### Dataset excerpts

-- -- --

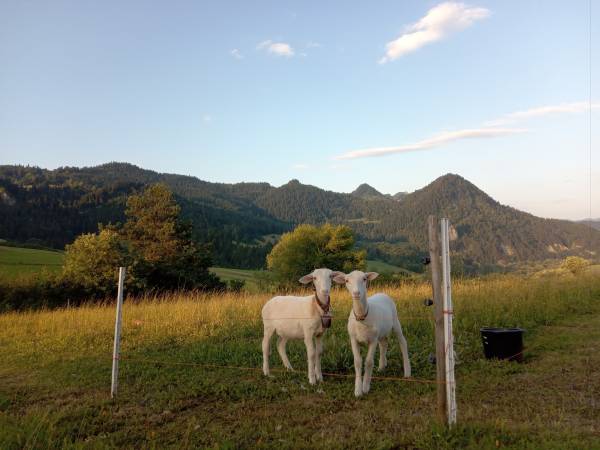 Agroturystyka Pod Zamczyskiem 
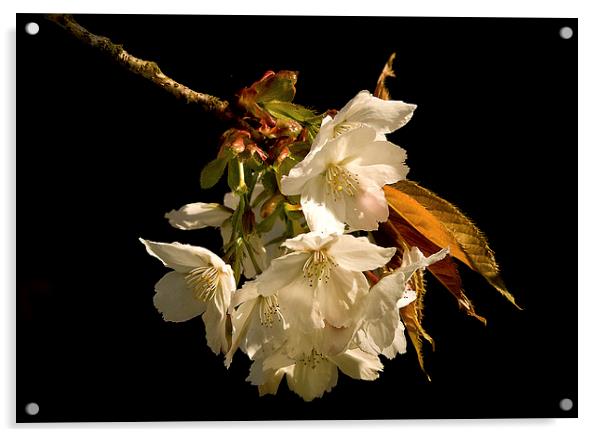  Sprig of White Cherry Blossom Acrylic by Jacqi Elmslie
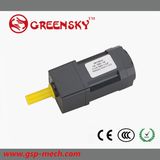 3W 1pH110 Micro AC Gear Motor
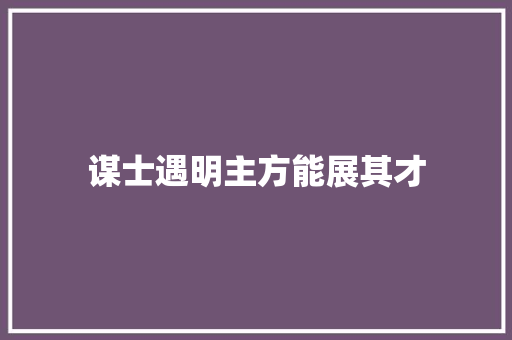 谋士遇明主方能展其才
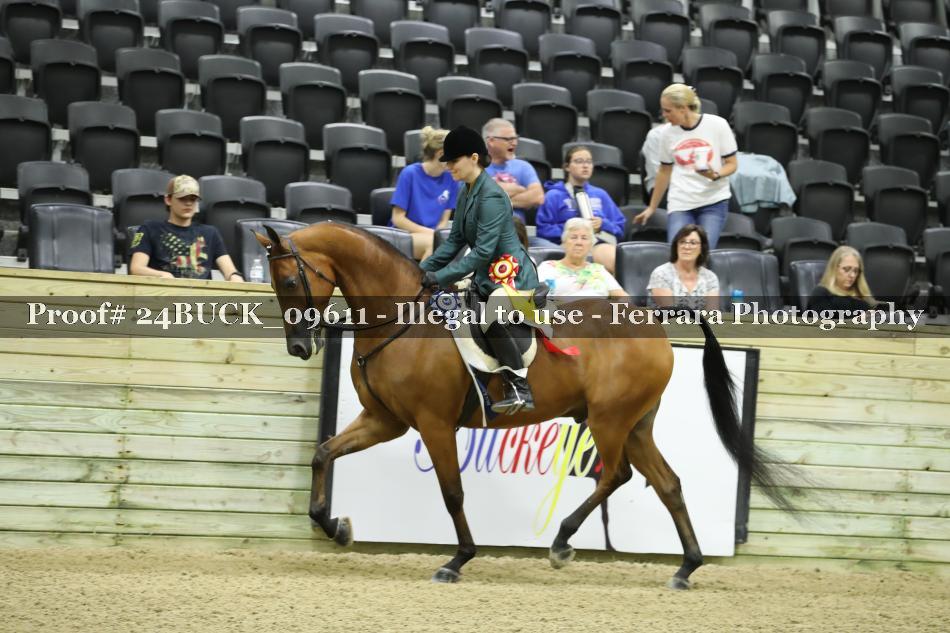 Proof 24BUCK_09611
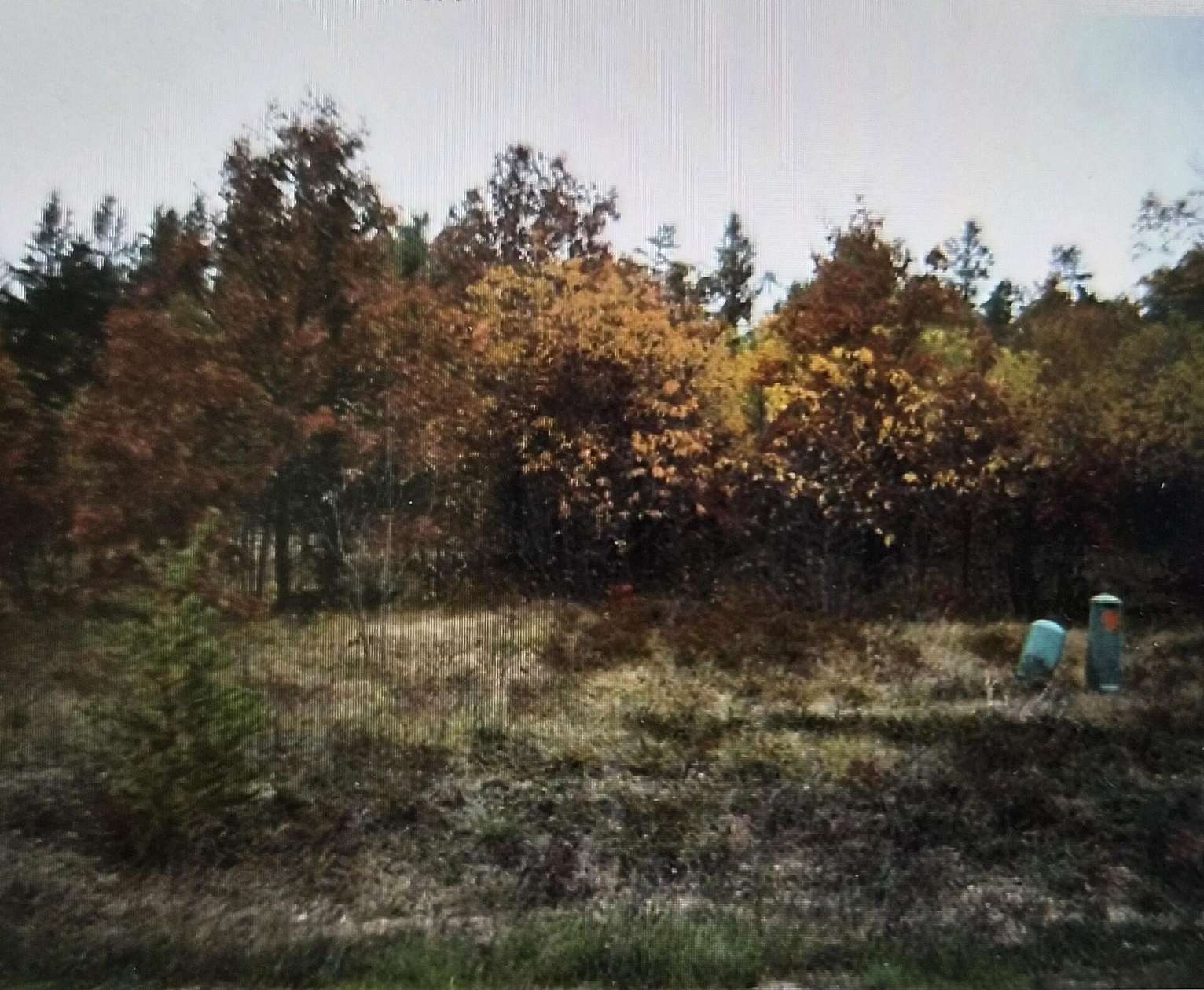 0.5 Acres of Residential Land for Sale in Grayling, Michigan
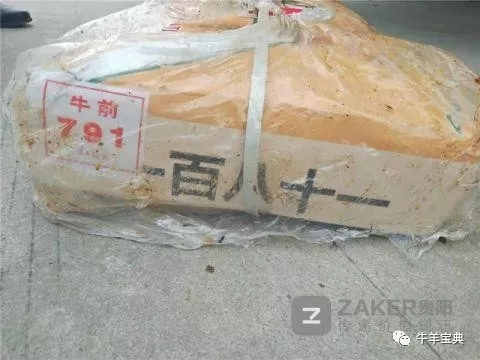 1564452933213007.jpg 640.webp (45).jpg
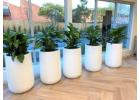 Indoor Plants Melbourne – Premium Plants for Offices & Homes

-- -- --

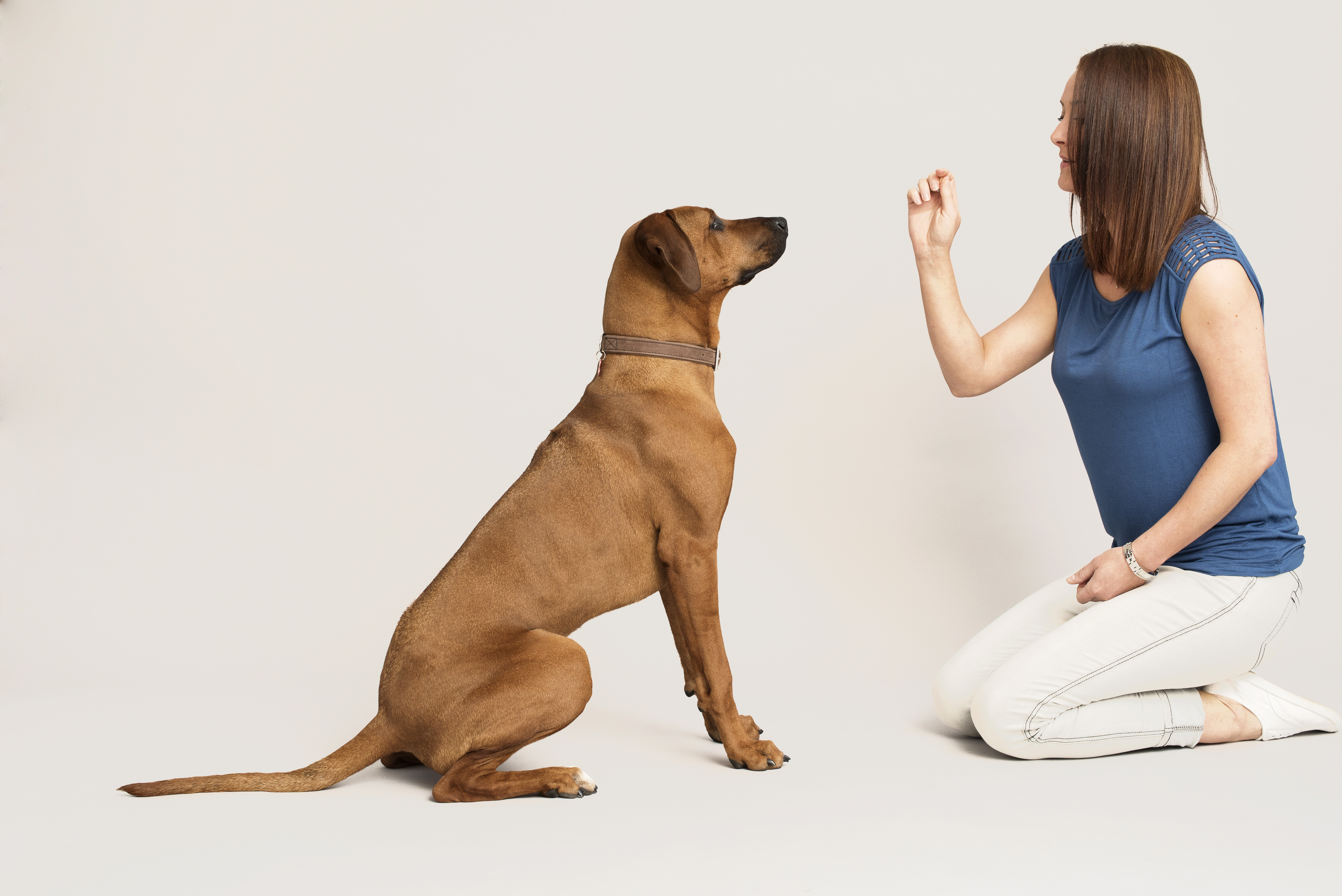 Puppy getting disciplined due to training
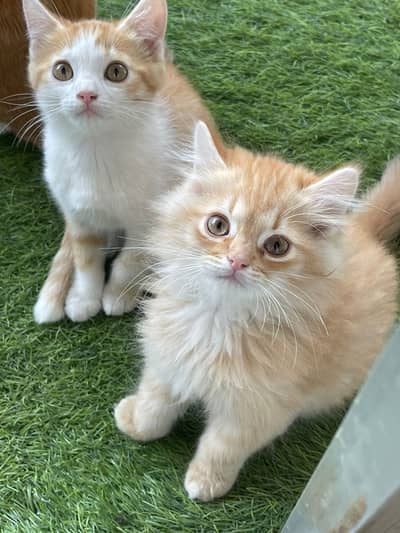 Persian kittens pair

-- -- --

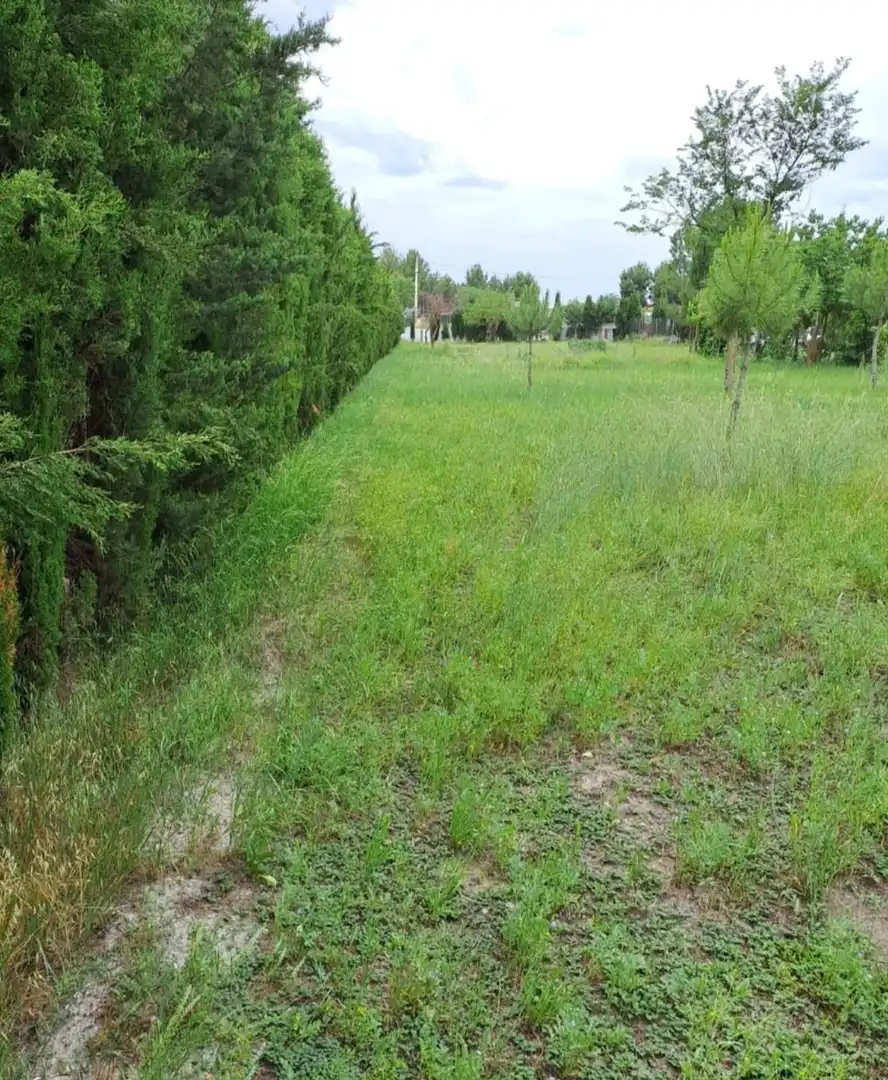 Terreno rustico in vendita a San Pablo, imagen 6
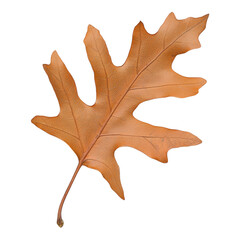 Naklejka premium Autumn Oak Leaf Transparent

-- -- --

### Exercise brief
What lines above run from the one with "Agroturystyka Pod Zamczyskiem" to the one with "Indoor Plants Melbourne"? Give them again exactly, ends included, and leave the pictures out.

### Your solution
 Agroturystyka Pod Zamczyskiem 
  Sprig of White Cherry Blossom Acrylic by Jacqi Elmslie
 3W 1pH110 Micro AC Gear Motor
 谋士遇明主方能展其才
 Proof 24BUCK_09611
 0.5 Acres of Residential Land for Sale in Grayling, Michigan
 1564452933213007.jpg 640.webp (45).jpg
 Indoor Plants Melbourne – Premium Plants for Offices & Homes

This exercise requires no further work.